§ **ABOUT THIS EXERCISE**
Copy word for word the lines of the records below, beginning at the one with "At Rochester Car" and finishing at the one with "For more information", ends included, but none of the pictures.

Dataset entries:

=====

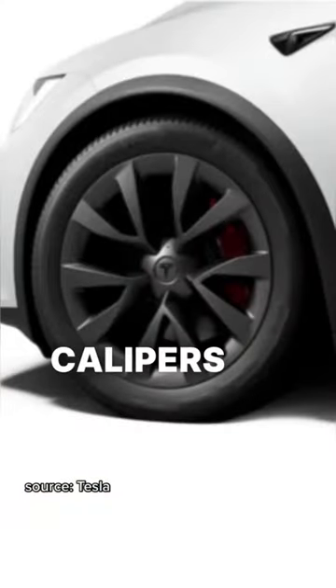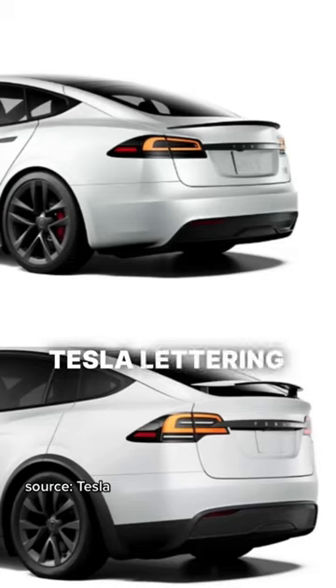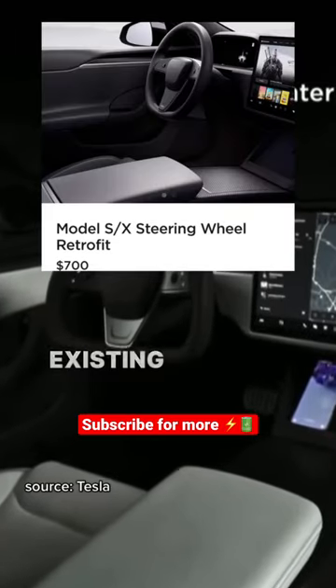Tesla also added better brake calipers to the platform, which is much needed. Finally, they removed the T-Badge and made the Tesla lettering white. They're also offering a $700 retrofit for existing owners.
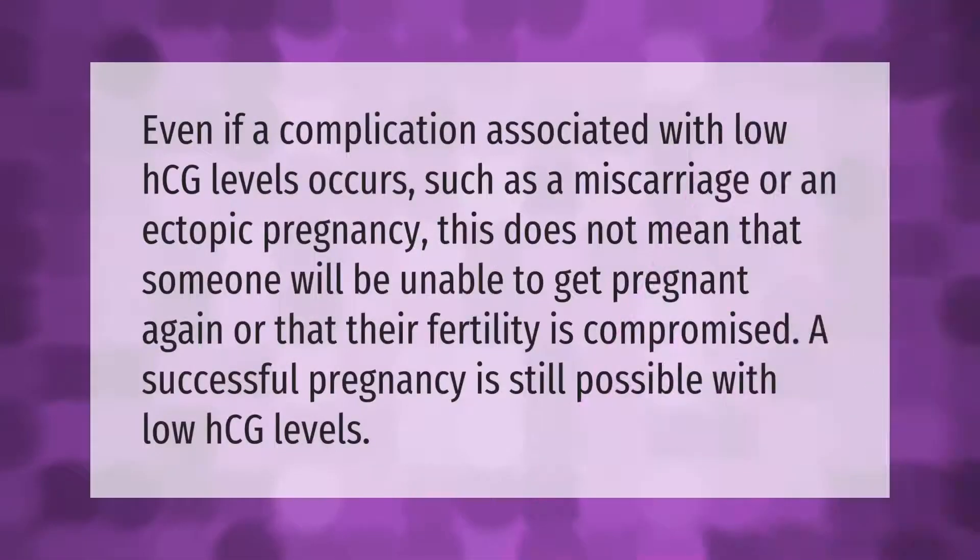Even if a complication associated with low HCG levels occurs, such as a miscarriage or an ectopic pregnancy, this does not mean that someone will be unable to get pregnant again or that their fertility is compromised. A successful pregnancy is still possible with low HCG levels.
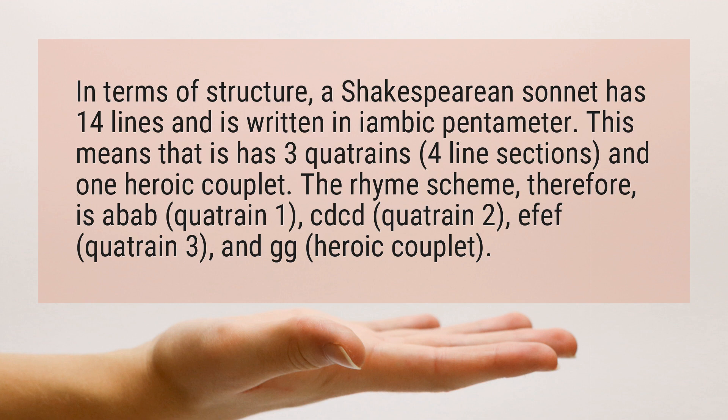The rhyme scheme, therefore, is abab for quatrain 1, cdcd for quatrain 2, efef for quatrain 3, and gg for the heroic couplet.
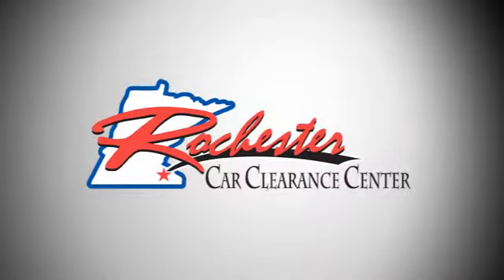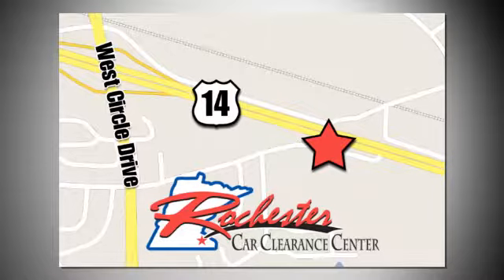At Rochester Car Clearance Center, you get our best price, bottom line. We are conveniently located on Highway 14 West, near West Circle Drive.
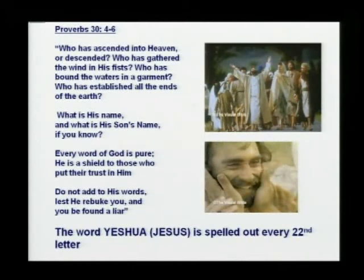In Proverbs 30 it says, 'Who has ascended into heaven or descended? Who has gathered the wind in his fists? Who has bound the waters in a garment?' — and it goes on to say 'what is his name, and what is his son's name, if you know? Every word of God is pure; he is a shield to those who put their trust in him.' But it doesn't say who we're referring to. If you read every twenty-second letter, it tells you who it is referring to — Yeshua. His name is Jesus, the name of Messiah.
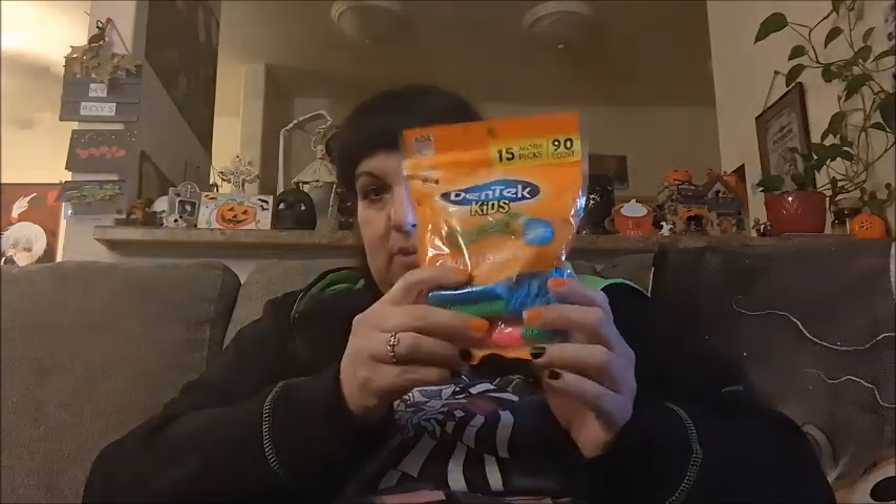Two more things at Target: I got some floss picks for my son, which is not that exciting, but I also got him a green shirt because he's going to be Luigi this year. I already got him the hat and the gloves, so I thought this would be good for him to wear.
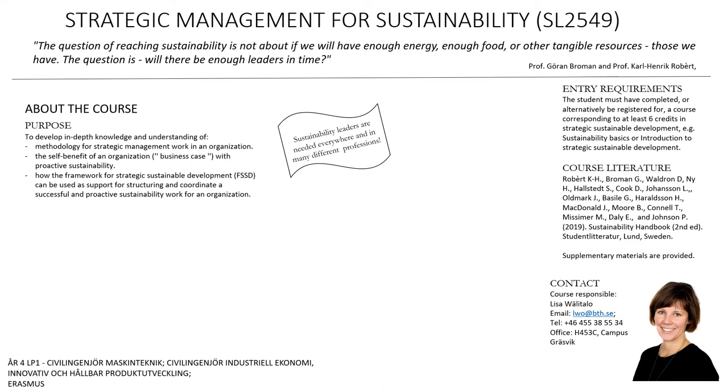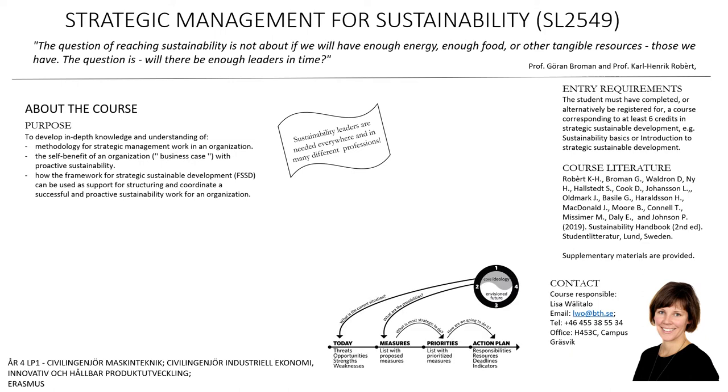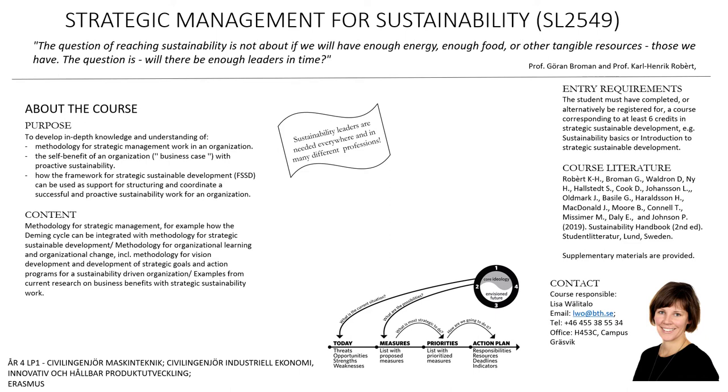At BTH, our research on strategic sustainable development is considered to be one of the best in the world. In this course, you will do a deeper dive into the concepts and methods developed with the framework for strategic sustainable development as a foundation. We will do this by combining the FSSD with common management concepts such as the Deming cycle — plan, do, check, act — and apply this at a real organization.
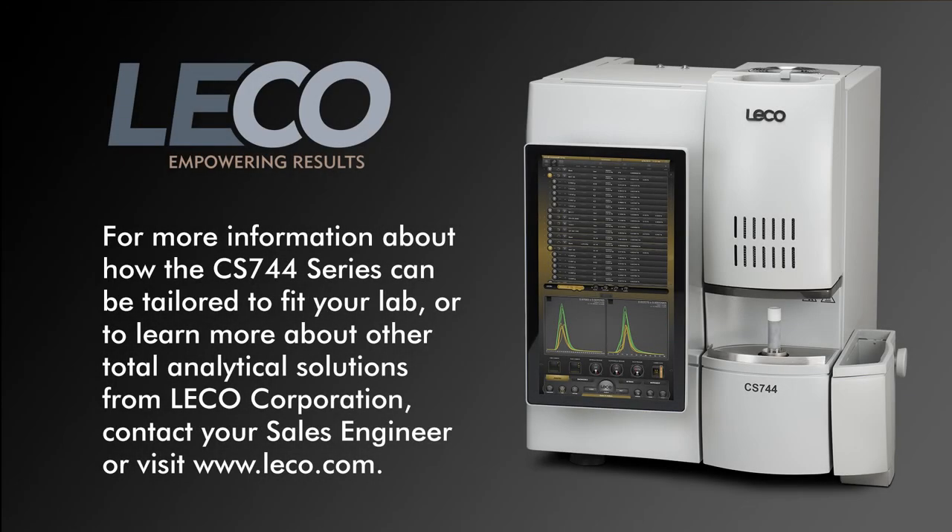For more information about how the CS744 Series can be tailored to fit your lab, or to learn more about other total analytical solutions from LECO Corporation, contact your sales engineer or visit us at www.leco.com.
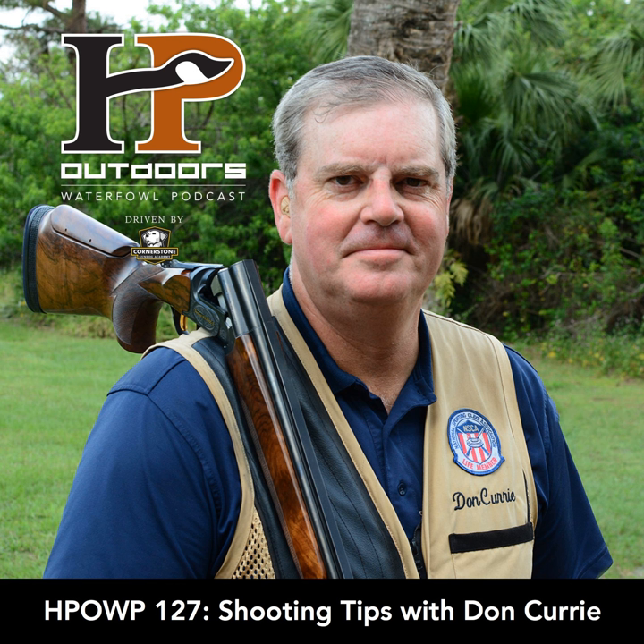That all makes sense. Josh's son has made it out to the blind with us a few times, and I've got kids coming up too. What advice do you give listeners with kids getting into the sport — where should we start, and what can we focus on to help them be successful?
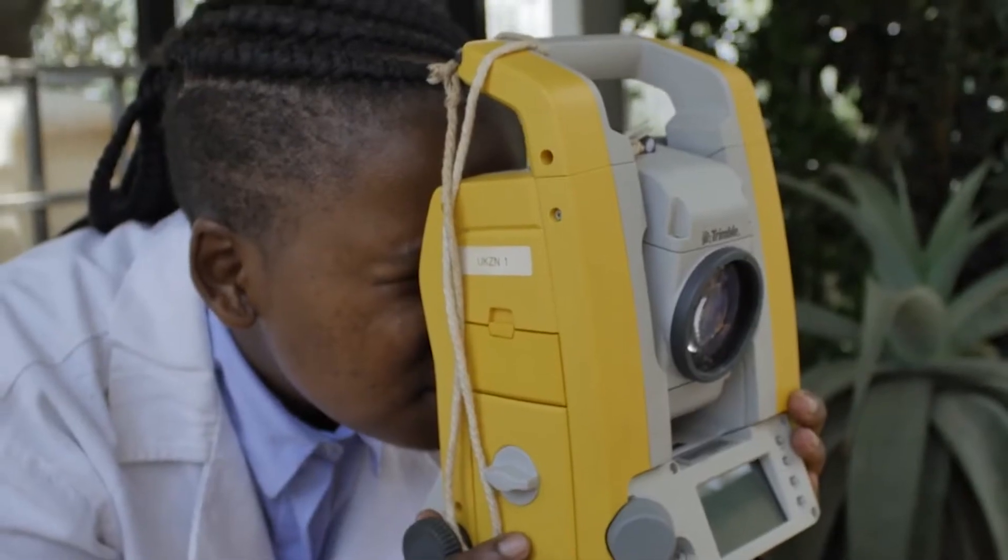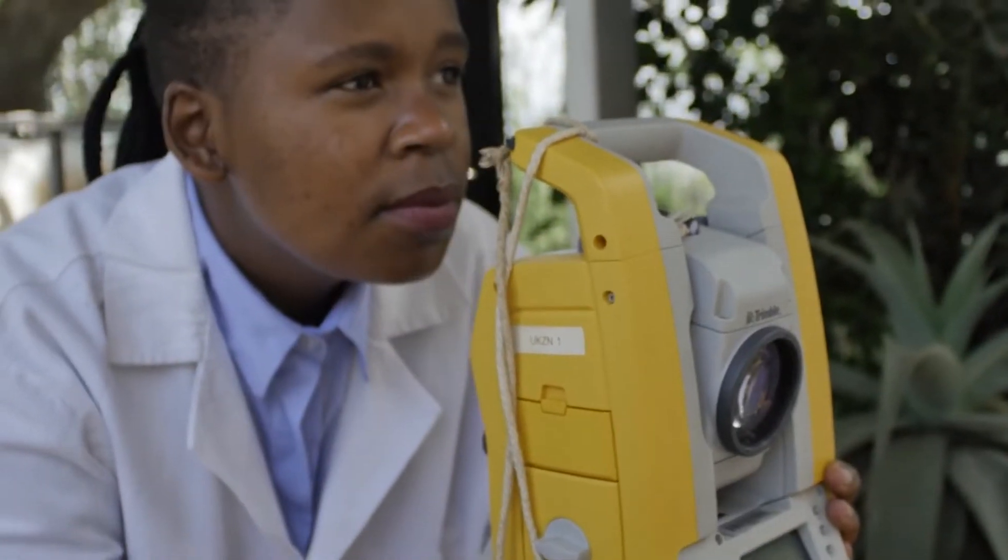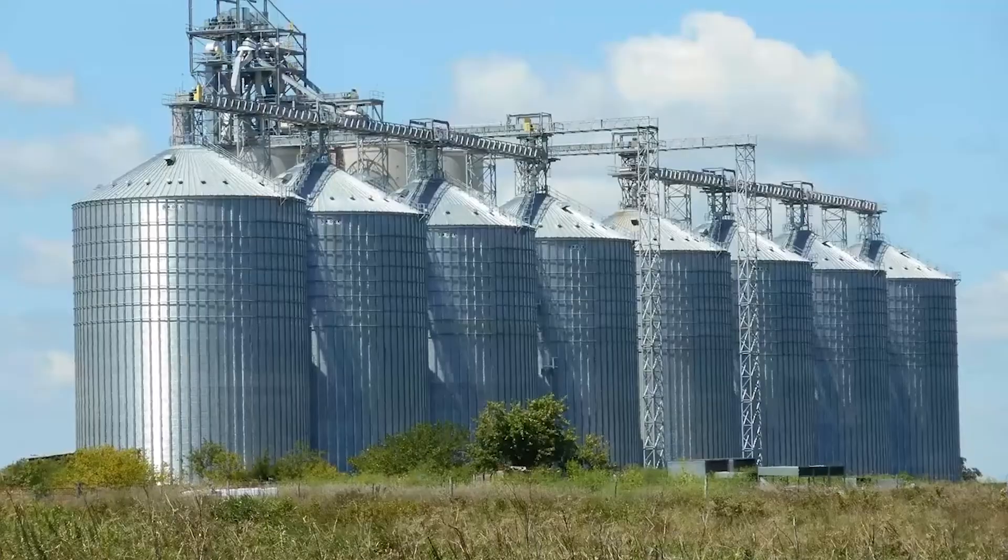Bioresources Engineering at the University of KwaZulu-Natal. We grow, we build, we process.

=====

§ **SOLUTION**
At Rochester Car Clearance Center, you get our best price, bottom line. We are conveniently located on Highway 14 West, near West Circle Drive.
In Proverbs 30 it says, 'Who has ascended into heaven or descended? Who has gathered the wind in his fists? Who has bound the waters in a garment?' — and it goes on to say 'what is his name, and what is his son's name, if you know? Every word of God is pure; he is a shield to those who put their trust in him.' But it doesn't say who we're referring to. If you read every twenty-second letter, it tells you who it is referring to — Yeshua. His name is Jesus, the name of Messiah.
Two more things at Target: I got some floss picks for my son, which is not that exciting, but I also got him a green shirt because he's going to be Luigi this year. I already got him the hat and the gloves, so I thought this would be good for him to wear.
At BTH, our research on strategic sustainable development is considered to be one of the best in the world. In this course, you will do a deeper dive into the concepts and methods developed with the framework for strategic sustainable development as a foundation. We will do this by combining the FSSD with common management concepts such as the Deming cycle — plan, do, check, act — and apply this at a real organization.
For more information about how the CS744 Series can be tailored to fit your lab, or to learn more about other total analytical solutions from LECO Corporation, contact your sales engineer or visit us at www.leco.com.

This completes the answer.